FUSK is 100% contemporary jazz, catapulted forward by the creative ingenuity of the band members; these are players who have something to say! The music is intensive, joyous. It grabs you, as it expands out of its musical roots and takes off and into the open air.
FUSK takes up a wide field of play, and this adventurous quartet doesn’t like to be fenced in. It all begins with the members of a band that has been in existence for some ten years. “The Jig Is Up” is FUSK’s fourth album.

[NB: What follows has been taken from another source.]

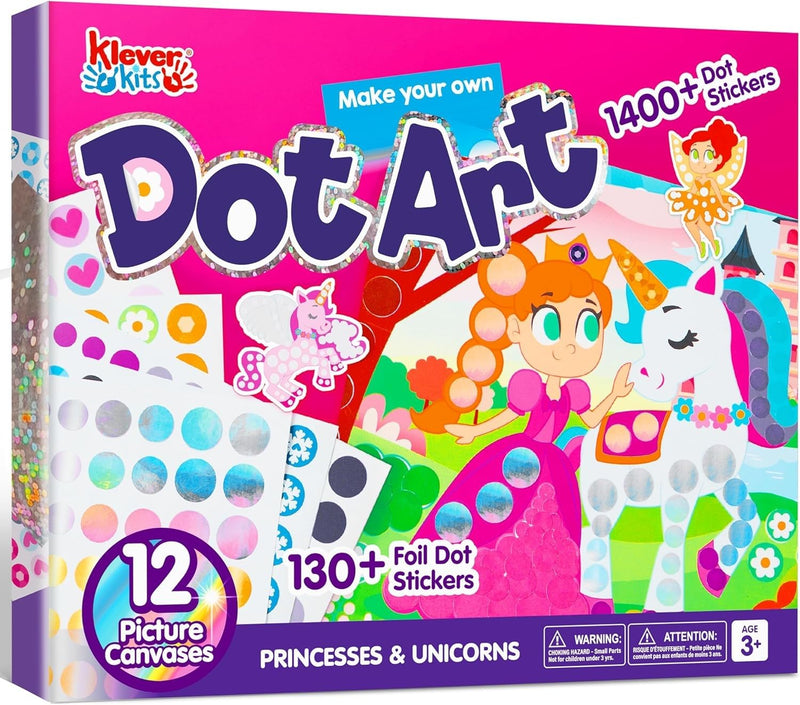 Klever Kits Dot Art Kit for Kids, No Mess Sticker for Toddlers 3-7, Craft Kits, DIY Creative Activity, Travel Toy, Birthday Presents for Boys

Trumpet (now with a new band member, the amazing Polish musician, Tomasz Dabrowski), bass clarinet/clarinet (Rudi Mahall), bass (Andreas Lang), and drums: It’s a band that reminds you of such breakthrough bands of the early 1960’s as the classic Ornette Coleman Quartet, the New York Art Quartet, or Archie Shepp’s early quartet with trumpeter Bill Dixon. At first listen they sound a bit retro, indicative of the revolutionary fervor of the time. But straightaway you sense there’s something deeper here, something playful, with an understated humor that transports history into the present.
Despite their complexity, the compositions are far from obtrusive. FUSK evinces an amazing lightness in their play – there’s an edge to the tempos and a synergy between the two horns. That may sound like blue light (high speed) driving, like a club in which you’d love to spend the evening, like big city street scenes, like an enchanted past with imprints in the here and now. It is intensive, joyous music with a melodic incisiveness. It grabs you. Expanding out of its musical roots, it takes off into the open air, as it constructs and deconstructs the musical material in the same breath.

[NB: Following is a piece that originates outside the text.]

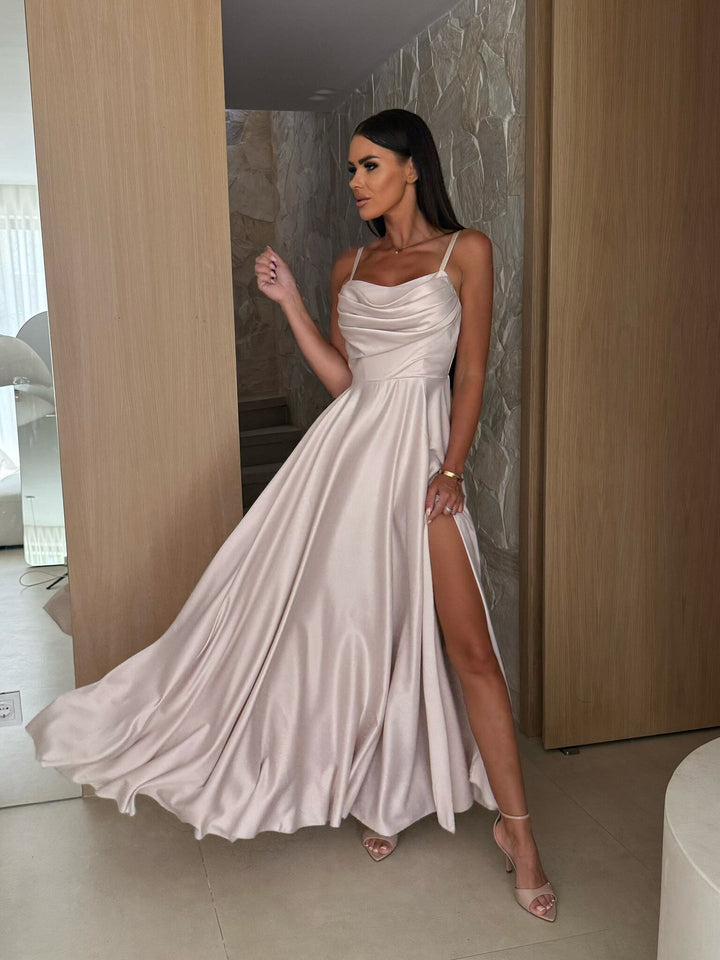 Damen Maxikleid mit geflochtenem Oberteil und offenem Rücken Drune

This acoustic band has fun with the album’s feel of freewheeling swing. There’s often a tongue-in-cheek attitude to the music’s mercurial, gripping shifts and turns. It’s fresh music that plays around with the sounds we are used to hearing, as the musicians tip their hats to the past while at the same time blasting through traditional styles.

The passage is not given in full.